El proyecto para modificar la Ley de Glaciares es inconstitucional, carece de legalidad y legitimidad: es rechazado por poblaciones que dependen del agua de deshielo. Un análisis en clave de derecho confirma el retroceso que implica y las leyes y tratados internacional que se vulneran. ¿Agua para las mineras o para las comunidades?
Por Darío Ávila*
El gobierno nacional, con el proyecto de ley para modificar la Ley de Glaciares, intenta avanzar en la entrega de un bien común —el agua dulce— a los gobiernos provinciales pro-extractivismo y a las empresas internacionales dedicadas a la actividad minera e hidrocarburífica. Del agua de los glaciares de Argentina dependen 1800 localidades y más de siete millones de personas. Hay que ser claros: no se trata de «adecuación de la ley», es un retroceso absoluto en los cuanto a la protección del ambiente y los derechos humanos.
La ley que protege el agua
El Estado Argentino consideró, ponderó y decidió en 2010 que los glaciares y el ambiente periglacial, que constituyen el 70 por ciento de reserva de agua dulce en el mundo, era un recurso estratégico fundamental para la vida en el planeta y le otorgó un marco protectorio legal especial. Fue así como surgió la Ley de Presupuestos Mínimos de Protección para la Preservación de los Glaciares y del Ambiente Periglacial (26.639), en el marco de las competencias que en materia ambiental ostentan Nación y Provincias (Artículo 41 de la Constitución Nacional).
De esta forma, se sancionó una norma que concedió una tutela ambiental uniforme para todo el territorio nacional (un piso), reservándose las provincias la potestad para establecer el máximo de protección (techo), aumentar el umbral de protección a los presupuestos mínimos, pero nunca retrotraer esos estándares. Esta decisión fue “política pública” y trascendió los distintos gobiernos, con distintas orientaciones (liberales, progresistas, conservadores).

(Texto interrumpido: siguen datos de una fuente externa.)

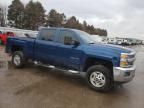 2018 Chevrolet Silverado K2500 Heavy Duty LT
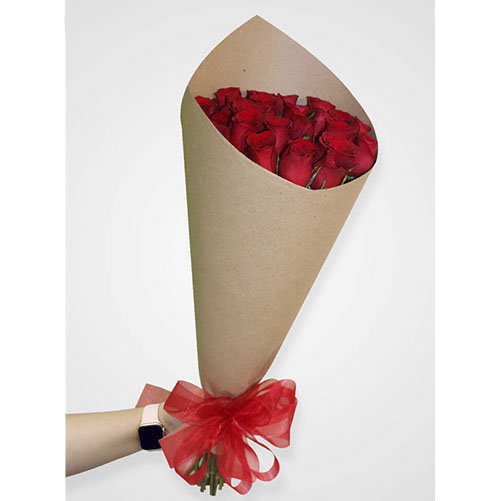 Agrega Bouquet De Rosas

La ley 26.639 tiene por objeto la “preservación de los glaciares y el ambiente periglacial”, como reservas estratégicaspara el consumo humano; para la agricultura y como proveedores de agua para la recarga de cuencas hidrográficas; para la protección de la biodiversidad; como fuente de información científica y como atractivo turístico. Estas son las funciones hídricas protegidas por la ley. “Los glaciares son bienes de carácter público”, aclara la ley.
Define al “glaciar” como toda masa de hielo perenne estable o que fluye lentamente, con o sin agua intersticial, formado por la recristalización de nieve, ubicado en diferentes ecosistemas, cualquiera sea su forma, dimensión y estado de conservación. Y precisa al “ambiente periglacial”, en la alta montaña, como al área con suelos congelados que actúa como regulador del recurso hídrico y en la media y baja montaña, como el área que funciona como regulador de recursos hídricos con suelos saturados en hielo.
Los legisladores encomendaron al Instituto Argentino de Nivología, Glaciología y Ciencias Ambientales (Ianiglia)la realización del Inventario Nacional de Glaciares a los efectos de determinar su ubicación, superficie y clasificación morfológica tanto de los glaciares como el ambiente periglacial para su adecuada protección, control y monitoreo.
La ley 26.639 determina la prohibición de actividades que puedan afectar su condición natural o las funciones hídricas señaladas, o las que impliquen su destrucción o traslado o interfieran en su avance, y en particular, “prohíbe, la exploración y explotación minera e hidrocarburífera, donde estén emplazados los glaciares y en zonas de ambiente periglacial”. Ambos espacios están protegidos actualmente.
Derecho humano al agua
Como resultado de la labor encomendada al Ianiglia, los/as argentinos/as sabemos que los glaciares de Argentina están ubicados a lo largo de 4.000 kilómetros, en la cordillera de los Andes, presentes en doce provincias, alimentan a 39 cuencas hídricas y sus respectivas sub-cuencas. Se relevaron 560.000 kilómetros cuadros (km2), se inventariaron 16.968 cuerpos de hielo que cubren una superficie de 8.484 km2. Todos estos espacios y superficies gozan de plena protección legal, los que en función del principio de progresividad y no regresión, que rige en materia ambiental, deben ser preservados y por lo tanto, no pueden ser disminuidos, alterados, degradados, por actividades antrópicas.
Hay que destacar que del agua proveniente de los glaciares (descongelamiento) para consumo humano y para recarga de las 39 cuencas hidrográficas dependen unas 1800 localidades, con más de siete millones de personas. De esto estamos hablando cuando nos referimos a la Ley de Glaciares.